Backup however many copies you can. *When* the Foundation collapses in on itself, it'll be because the parasites have drained it of all of its resources, and they'll scurry off to their next host to begin the cycle anew. All that will be left for us is a hollow husk of biased writings & rose-tinted lenses, funded with our tax dollars & well-meaning donations.
I think a collapse is unlikely to happen. Even if "parasitism" is the right mental model, these aren't parasites that kill their host.
What will likely happen is Wikipedia survives, remains extremely prominent, but becomes politically polarized and loses trust of those outside its faction.
> All that will be left for us is a hollow husk of biased writings & rose-tinted lenses, funded with our tax dollars & well-meaning donations.
That will be the view of some, but others will see it as a shining, righteous hammer to beat their opponents with.
The task to respond to that situation is an extremely difficult one 1) create fork that doesn't turn into an opposite-polarization cesspit, 2) burn away Wikipedia's goodwill, which is what makes it valuable to faction you call "parasites."
No doubt the wikipedia is left-tarded as are most institutions but it doesn't appear to me that wikimedia has captured it yet. The two appear to be operating quite independently for the most part.
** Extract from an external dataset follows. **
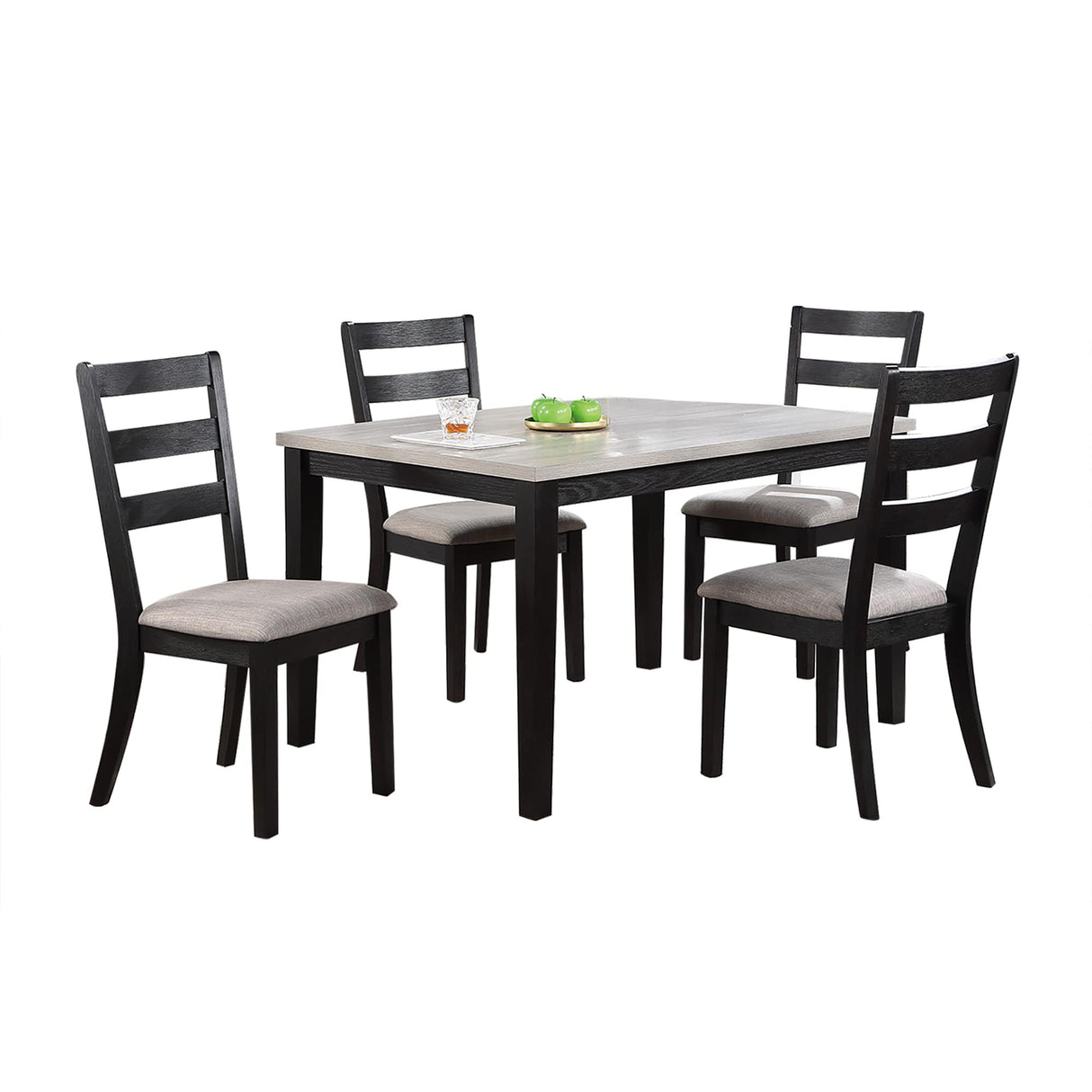 Dining Set with Four Chairs, Black and Grey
The article talks a lot about wikimedia funding and its pretty clear that its fully left-tarded. But there is no indication other than one editor firing that wikipedia itself is being affected directly.
Its similar to Nature. The editorial pages and blogs are filled with social justice nonsense. But the actual journals are filled with just regular nonsense..they have yet to reach peak nonsense.
Wikipedia is an interesting one because I suspect the culture that drives Wikipedia is a mystery to ousiders. It is to me. It didn't seem to be partisan, it didn't claim to be technocratic, it officially wasn't interested in divining the truth from research. Didn't seem to be religious, didn't seem to be geographically centred. Given the incredible public good the editors are responsible for it'd be impolite to observe many of them are unhinged but the thought does occur.
Anyway; whatever culture it is the retrospective process of watching its successes or failures will be a marvel. The political activists are brutally competitive and I'd expect them to win except I don't understand who the Wikipedia people actually are and whether they will be able to reform around a new project after Wikipedia itself, inevitably, falls to barbarians.
IMHO, a big part if it is actually ideological battle, at least nowadays. Individuals and cliques going about on little crusades to impose their views. If there's a conflict, there's a long, slow bureaucratic battle where, through the selective enforcement of existing policies and setting new ones, one side emerges victorious and gets to impose its view.
The starting point for the selective enforcement was "what side would your typical basement-dwelling geek favor," but that's evolved over time.
The other big part is pedantry.
> Given the incredible public good the editors are responsible for it'd be impolite to observe many of them are unhinged but the thought does occur.
Honestly, I think that's table stakes for playing the Wikipedia game. Anyone else gives up quickly.